By Jubin Katiraie

The US Treasury’s Office of Foreign Assets Control has placed Iran’s petrochemicals industry on its anti-terrorism sanctions list, which deals a heavy blow to the Iranian economy and further diminishes Iran’s revenues.

The US has previously imposed sanctions on a number of Iranian petrochemical companies, but this is the first time that the industry as a whole, which is Iran's largest source of non-petroleum revenues, has been targeted.

The sanctions, announced on Friday, June 7, are aimed at the Persian Gulf Petrochemical Industry Co. (PGPIC), which is Iran’s most important petrochemical company and one of the largest of its kind in the world.

The Treasury said that the sanctions were being imposed because of PGPIC’s support for the Iranian Revolutionary Guards Corps (RGC), a group that was placed on the US’ list of Foreign Terrorist Organizations last month.

In addition, the US has added a network of 39 PGPIC subsidiaries, which are registered outside of Iran, to the sanctions list.

Treasury Secretary Steven Mnuchin said in a statement: “This action is a warning that we will continue to target holding groups and companies in the petrochemical sector and elsewhere that provide financial lifelines to the IRGC.”

The US is continuing to tighten its noose around Iran's economy.

What will happen?

Well, PGPIC makes up roughly 40% of Iran’s petrochemical production capacity and 50% of its petrochemical exports.
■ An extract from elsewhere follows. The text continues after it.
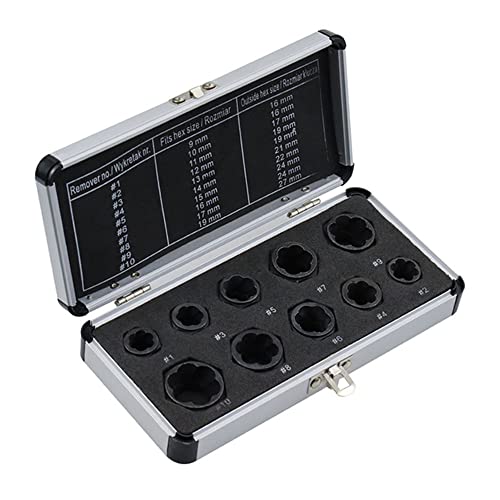 10 Pcs Short Socket Bolt Extractor Set, 9-19mm Metric Nut Remover with Aluminum Carrying Case - color: Black,chrome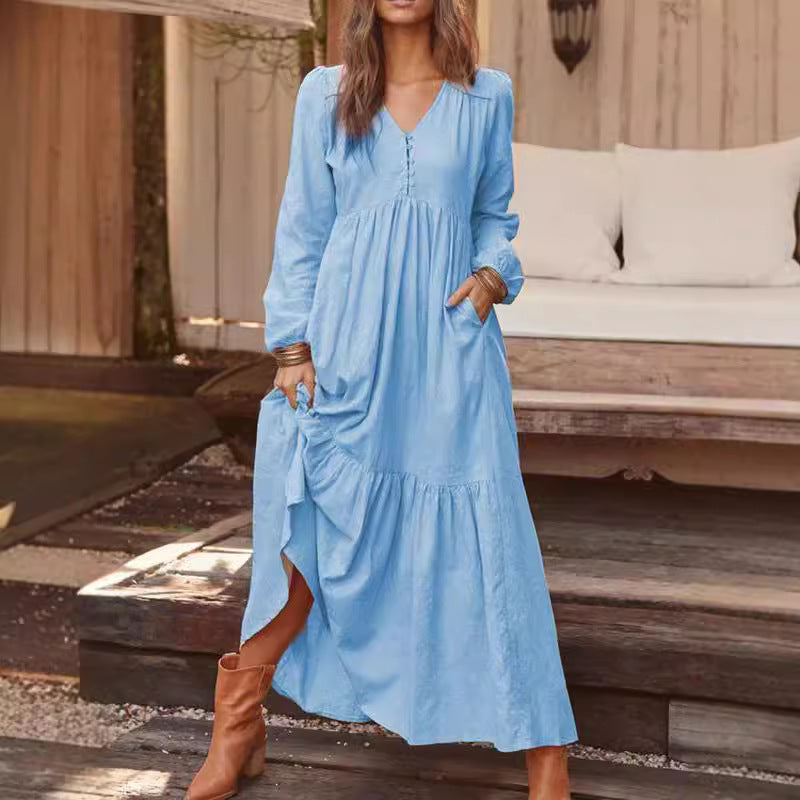 🔥This week's hot sale🔥Retro Cotton and Linen Casual Long-Sleeved Full Skirt Dress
This accounts for one of Iran’s biggest revenue sources after the now heavily sanctioned oil and gas commodities.

After Iranian petroleum exports were sanctioned, Iran began relying on exports of petrochemicals and metals, but last month Donald Trump issued an executive order to impose sanctions on the metals sector, which accounted for 10% of Iran’s non-petroleum exports, something even more significant as the economy get squeezed.

Prior to the US imposing sanctions on Iran’s oil and gas exports, Iran exported over 2.5 million barrels of oil per day, but this is now less than a million barrels a day. These new sanctions will only make the economic situation worse.

The IRGC has control over several Iranian industrial sectors, which worked in the past to give the group almost unchecked wealth, but now means that American sanctions against the terror group have ripple effects across the economy. The US designation of the IRGC as a terror group means that any company linked with it can be charged with giving “financial support for terrorism”.